■ Task description ■
Leaving out all pictures, transcribe the lines below exactly, from the first through the line containing "This is all".

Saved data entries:
□ □ □

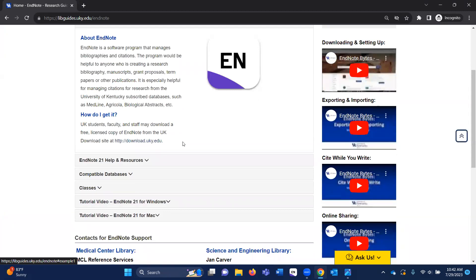Before you can download your free copy — UK provides a free copy for students, faculty, and staff at the downloads website — you want to make sure that you have uninstalled any previous EndNote software on your computer, that all Microsoft Office products are closed, and you also want to contact your IT department for passwords for installing or uninstalling any programs.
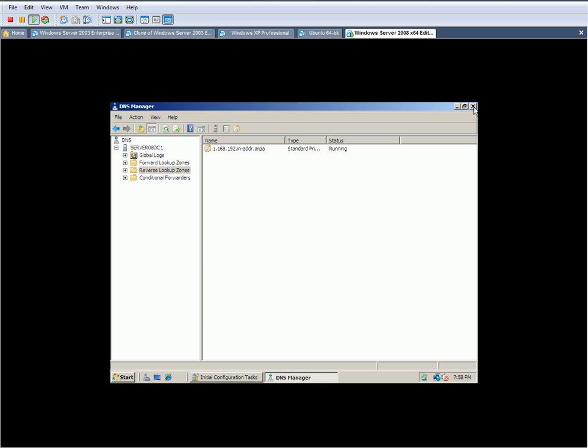And I'll show you that in the next video as to how to install Active Directory on Server 2008. Thank you for watching, and stay tuned for the video.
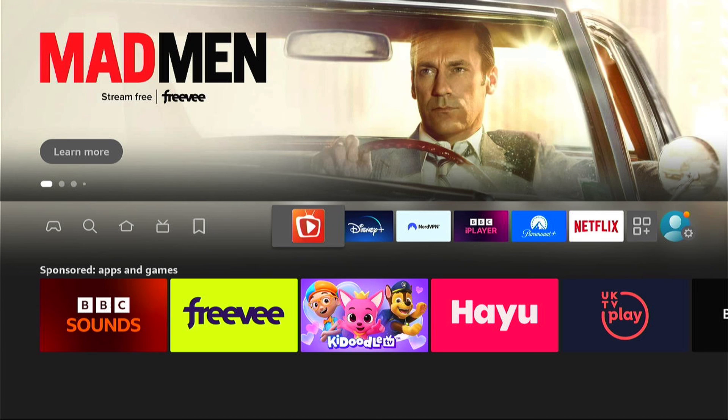If you found that helpful, don't forget to smash the like, hit the subscribe button, for many more Fire Stick tutorials like this one. Thanks ever so much for watching.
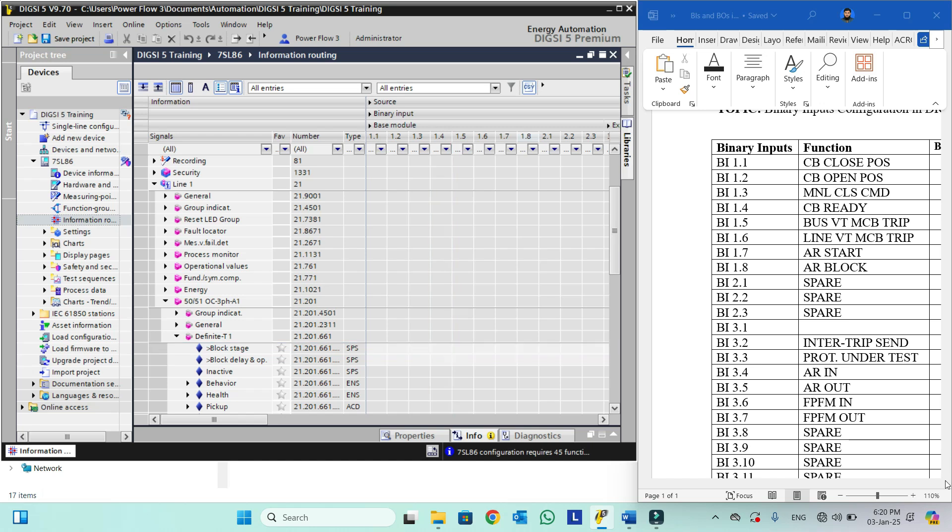This is all from my side. I hope you have enjoyed this lecture. Now if you want to do any other binary input configuration, you can configure it in the same way.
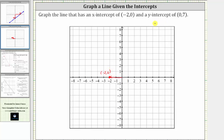For the y-intercept or vertical intercept of zero comma seven from the origin: because the x-coordinate is zero, we do not move left or right. Because the y-coordinate is seven, we move up seven units along the vertical or y-axis. This point is the y-intercept or vertical intercept given by the ordered pair zero comma seven. And now we sketch the line passing through the two points.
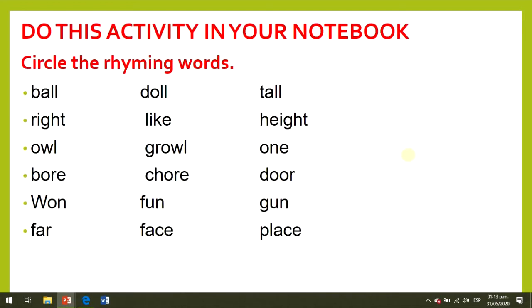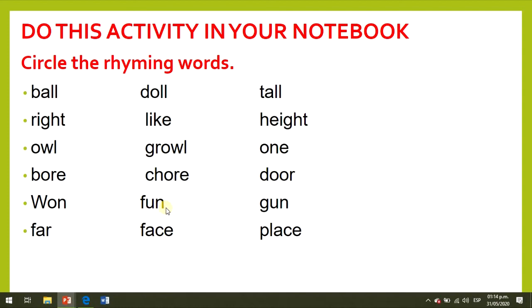Do this activity in your notebook: circle the rhyming words. Please listen and say the words: ball, doll, tall; right, like, height; out, growl; ball, chore, door; one, fun, gun; far, face, place. Please copy the words to your language arts notebook and circle the rhyming words.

□ □ □

■ Your solution ■
Before you can download your free copy — UK provides a free copy for students, faculty, and staff at the downloads website — you want to make sure that you have uninstalled any previous EndNote software on your computer, that all Microsoft Office products are closed, and you also want to contact your IT department for passwords for installing or uninstalling any programs.
And I'll show you that in the next video as to how to install Active Directory on Server 2008. Thank you for watching, and stay tuned for the video.
If you found that helpful, don't forget to smash the like, hit the subscribe button, for many more Fire Stick tutorials like this one. Thanks ever so much for watching.
This is all from my side. I hope you have enjoyed this lecture. Now if you want to do any other binary input configuration, you can configure it in the same way.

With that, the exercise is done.